Under this line are the records; write out word for word the part that begins at the line containing "Casa adosada en" and ends at the line containing "2020 Fiat 124", and no more.

Data records
◇ ◇ ◇ ◇

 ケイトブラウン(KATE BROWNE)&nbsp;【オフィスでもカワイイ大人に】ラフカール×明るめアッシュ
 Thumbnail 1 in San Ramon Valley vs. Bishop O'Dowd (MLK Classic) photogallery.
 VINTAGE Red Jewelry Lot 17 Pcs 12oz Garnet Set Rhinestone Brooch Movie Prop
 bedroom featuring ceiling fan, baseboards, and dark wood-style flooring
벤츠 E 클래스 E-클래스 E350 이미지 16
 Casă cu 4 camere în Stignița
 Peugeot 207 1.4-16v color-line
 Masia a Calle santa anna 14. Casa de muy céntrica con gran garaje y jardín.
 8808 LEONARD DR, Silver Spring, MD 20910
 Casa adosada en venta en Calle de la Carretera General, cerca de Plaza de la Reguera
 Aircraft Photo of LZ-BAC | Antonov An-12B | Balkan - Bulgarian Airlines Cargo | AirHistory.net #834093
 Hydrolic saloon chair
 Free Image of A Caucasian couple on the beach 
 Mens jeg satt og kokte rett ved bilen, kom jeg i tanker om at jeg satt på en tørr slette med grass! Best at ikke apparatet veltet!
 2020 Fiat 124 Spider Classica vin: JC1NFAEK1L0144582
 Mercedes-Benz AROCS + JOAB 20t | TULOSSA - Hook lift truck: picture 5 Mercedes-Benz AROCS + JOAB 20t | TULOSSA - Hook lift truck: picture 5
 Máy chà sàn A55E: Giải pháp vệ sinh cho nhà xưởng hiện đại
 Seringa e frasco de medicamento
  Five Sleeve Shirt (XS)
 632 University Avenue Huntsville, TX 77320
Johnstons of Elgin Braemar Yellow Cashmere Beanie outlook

◇ ◇ ◇ ◇

Result of the task
 Casa adosada en venta en Calle de la Carretera General, cerca de Plaza de la Reguera
 Aircraft Photo of LZ-BAC | Antonov An-12B | Balkan - Bulgarian Airlines Cargo | AirHistory.net #834093
 Hydrolic saloon chair
 Free Image of A Caucasian couple on the beach 
 Mens jeg satt og kokte rett ved bilen, kom jeg i tanker om at jeg satt på en tørr slette med grass! Best at ikke apparatet veltet!
 2020 Fiat 124 Spider Classica vin: JC1NFAEK1L0144582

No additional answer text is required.